The measurement results are usually reported in the form of a bending resistance or bending moment. These bending-stiffness-related methods are characterized by the fact that the measurement results are strongly dependent on the test format and on other measurement conditions.
The measurement of tensile stiffness involved some theoretical problems which we have learned to handle with the help of theories of materials mechanics, measurement methods and correct equipment. The measurement of bending stiffness makes even greater demands on method and measurement equipment, if we are really to measure what we intend to measure. In this chapter, we shall now consider bending stiffness by studying the theories of mechanics of materials in order to obtain a better understanding of this important property. The ambition is to understand the stresses which interact when a material is exposed to a bending moment. I therefore exclude basic mathematical derivations, such as the general calculation of moment of inertia.

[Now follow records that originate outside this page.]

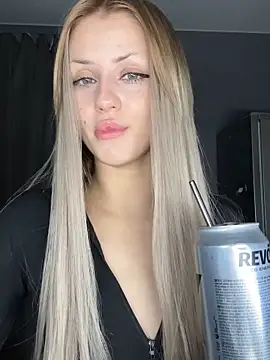 FavoriteKira online show from 11-28-25, 09:39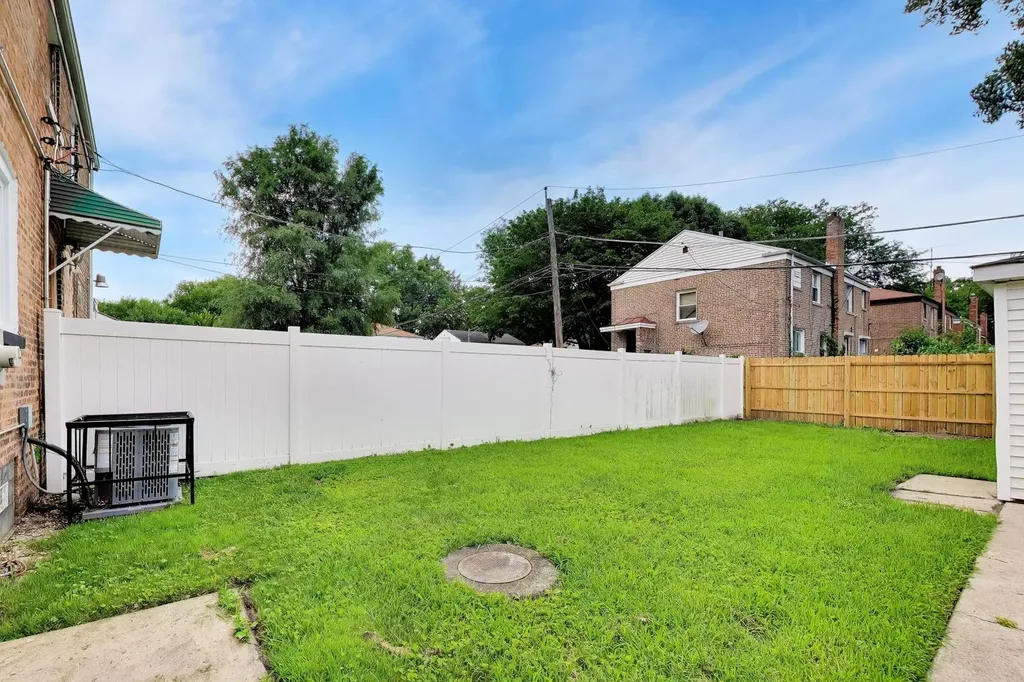 2504 East 96th Street Chicago IL 60617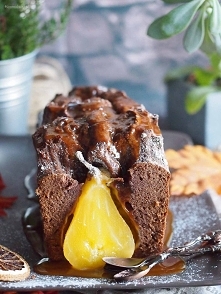 Ciasto korzenne z gruszkami i sosem karmelowym / Gingrebread cake with pears and caramel sauce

Two principles for bending stiffness measurement
Two different principles are utilized for the determination of bending stiffness. The first is the beam bending principle, which is in turn subdivided into the 2-point, 3-point and 4-point methods, depending on the number of load application points on the sample. The second is the resonance stiffness principle where the natural frequency of free vibration is utilized.
Theory for bending stiffness in beam bending
Since paper is an extremely complicated material from a bending stiffness point of view, we choose to describe the bending stiffness theories starting from a rectangular beam of metal. The beam is assumed to be weightless so that its own weight need not be introduced into the discussion.